In federal courts, in those instances where the insurance company has become partially subrogated to the claim of the insured, the majority rule is that the insurer *852 is the real party in interest under Rule 17 of the Federal Rules of Civil Procedure and that the defendant in an action brought solely by the insured can compel the joinder of the insurance company if jurisdiction can be obtained. 6 Wright & Miller Federal Practice and Procedure; Civil § 1546; 6 Cyclopedia of Federal Procedure, § 21.25; and 3A Moore's Federal Practice Sect. 17.09 [2.-1].

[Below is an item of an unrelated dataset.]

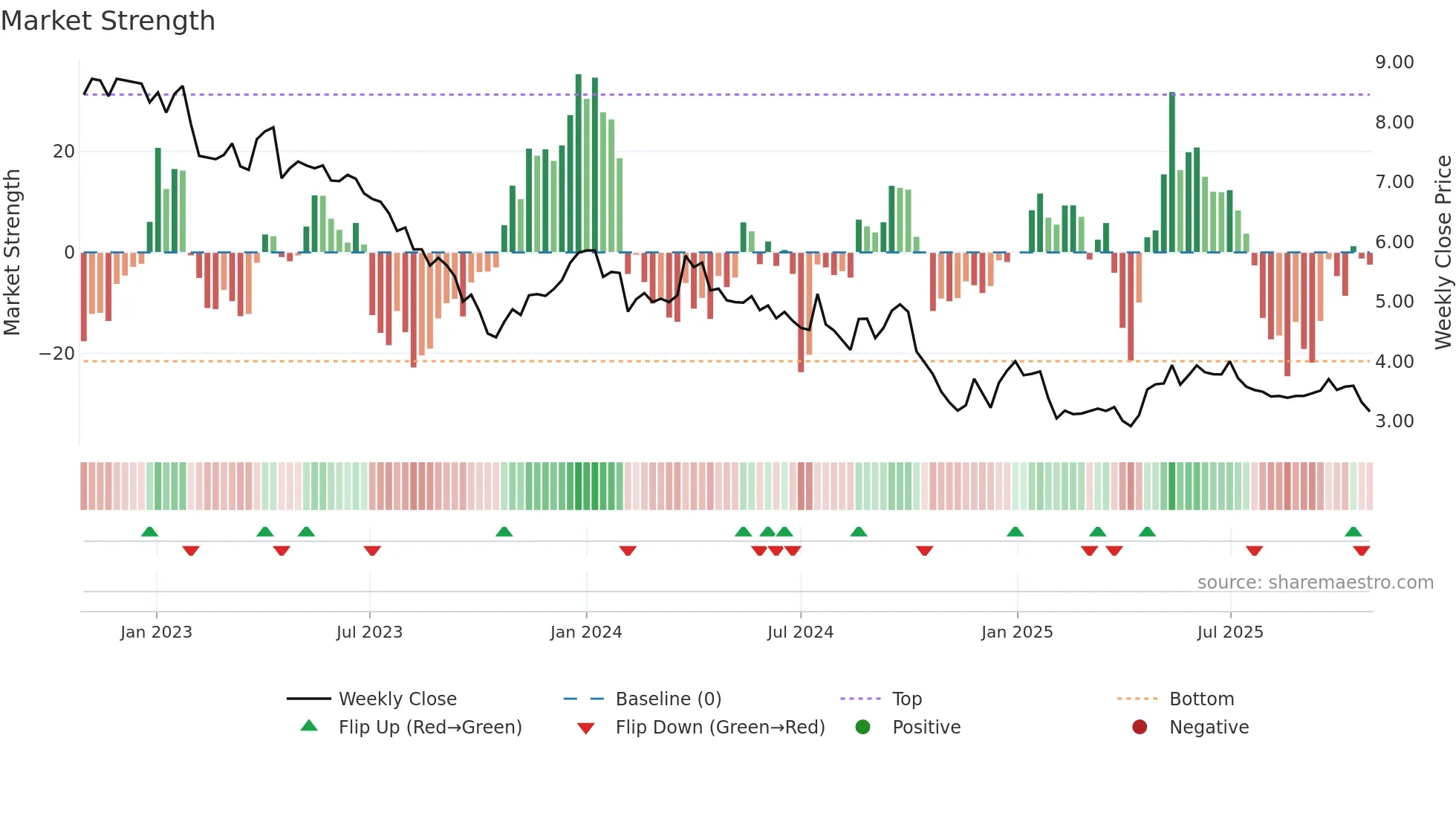 TNOM weekly Market Strength chart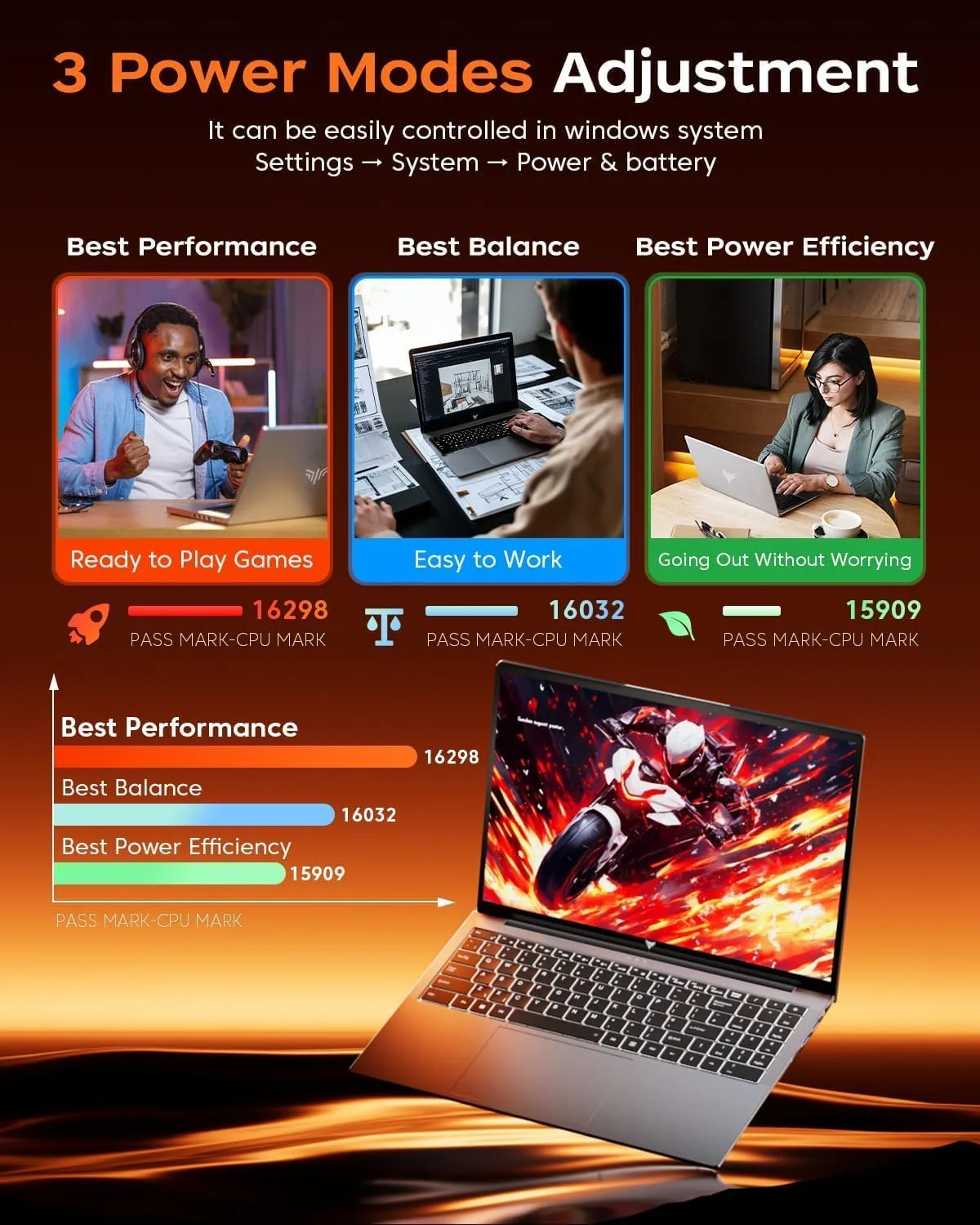 KAIGERR Gaming Laptop, Laptop with AMD Ryzen 7430U(Up to 4.3GHz), 16GB DDR4 512GB SSD Laptop Computer, 1920P FHD Display, WiFi 6, USB3.2, Type_C, Webcam Cover Slide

With respect to decisions of state courts pertaining to situations in which the insured is only partially compensated for the loss by insurance, apparently four different approaches have been taken. 44 Am.Jur.2d § 1853, p. 782 contains this analysis:
"Under statutes or rules providing that every action must be prosecuted in the name of the real party in interest, it is generally held that where the loss exceeds the insurance and the insurance company therefore pays only a portion of the loss sustained by its insured, both the insured and the insurer ordinarily qualify as real parties in interest in an action against an alleged tortfeasor responsible for the loss, since each owns a part of the claim against such tortfeasor.
"There are, however, a number of different views as to the proper party to prosecute the action against the tortfeasor. All of the views are based upon the doctrine prohibiting the splitting of a cause of action, but represent different lines of reasoning. On the basis of the underlying reasoning, the cases are divisible into three groups presenting four major views. One group comprises cases wherein the courts accord more weight to the doctrine of indivisibility of a cause of action than to the real party in interest statute or rule. This reasoning has produced two major views which, broadly stated are: (1) the insurer's subrogation rights should be enforced through the insured, so that the insured is the only proper party to prosecute an action for the full amount of the loss; and (2) an action against the tortfeasor should be prosecuted by the insured and insurer jointly. The second group of cases consists of those wherein the courts accord more weight to the real party in interest statute or rule than to the doctrine of indivisibility of a cause of action.